Decentralized networks generally allow anyone to join and don’t link accounts to real-world identities like phone numbers.

That's by design though, almost everyone who wants to decentralise the web also wants to protect people's right to be pseudonymous if they chose to.

These systems often use public key cryptography to ensure account security. But managing public keys is hard for most users, and building software that is both cryptographically secure and easy to use is difficult.

I don't think that security can ever be seamless - security and ease of use is a zero-sum game. Ties back to point 1, it needs to be a conscious action.

If distributed platforms could solve it, they could theoretically tackle media challenges like echo chambers and filter bubbles, but such dilemmas still present a serious challenge for new systems.

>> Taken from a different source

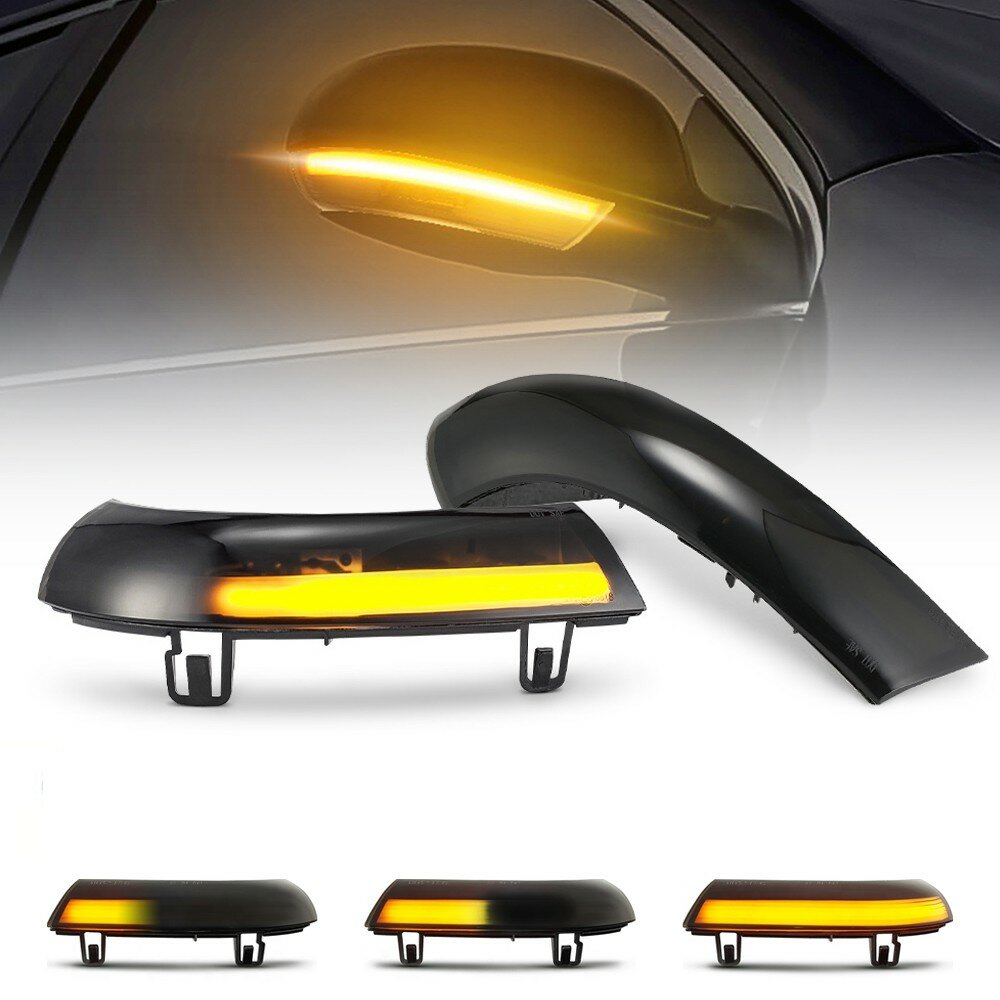 

2x Dynamic LED Turn Signal Lights Rearview Mirror Indicator Blinker Repeater For VW GOLF 5 MK5 Passat B5.5 B6 Jetta 5 EO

Most implementations I know of leave curation up to the user, again, by design.

Finally, platforms benefit from economies of scale — it’s cheaper to acquire resources like storage and bandwidth in bulk.

True currently, although I think the article doesn't consider singe-user instances.

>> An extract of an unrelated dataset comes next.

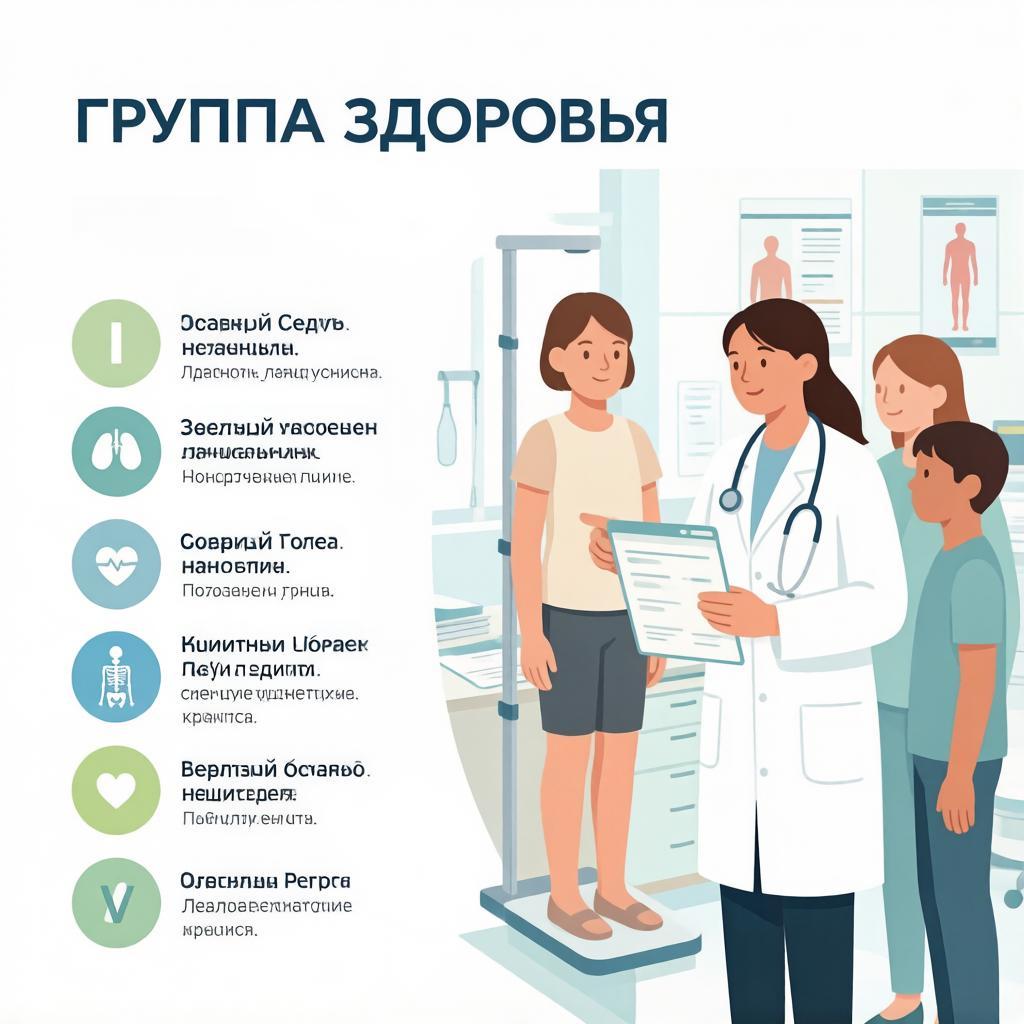 Группа здоровья у ребенка: что это значит и как ее определяют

The reality is that most people do not want to run their own web servers or social network nodes.

That's a recurring point: it needs to be a conscious choice, because this is a zero-sum game. In other words, freedom isn't free.

For instance, if users have more control of their data, including the right to export and reuse content they’ve created and friends they follow, they’ll be more willing to experiment with new platforms

Export of user data in a well-documented and established data format (cough json cough) should be bug #1 on any project's bug tracker.

but there’s no silver-bullet technical solution for the challenges that lie ahead.

Very much agreeing on that. The main problem is not technical. It's political. Because again, only conscious collective action can decentralise the web.

This reads like something written by several people of an unified opinion. The title doesn't seem to match most of the article's facts. And for the main opinion of the paper that doesn't appear until paragraph eight.

However, we doubt that decentralized systems alone will address the threats to free expression caused by today’s mega-platforms, for several key reasons.

And for these key reasons, they don't ask why, they only address the difficulties. Everything has difficulties. And for us software engineers, we have familiarity with both the accidental and the essential. Just because some of these difficulties remain hand-in-hand with the accidental you might as well be cynical of everything in the song Imagine and say that peace will never work.

Well I have to agree with this. I like the idea of decentralized social networks, and they do/might work if you have to share something that nobody else wants (for example nudes). Any other case, people just prefer centralized services because they're easier to use/setup, and this is enough to share pictures of their cats. Plus, everybody using social networks for advertising just prefer networks with more people. This is why I'm an advocate of centralized, community-run projects (unless decentralization makes sense).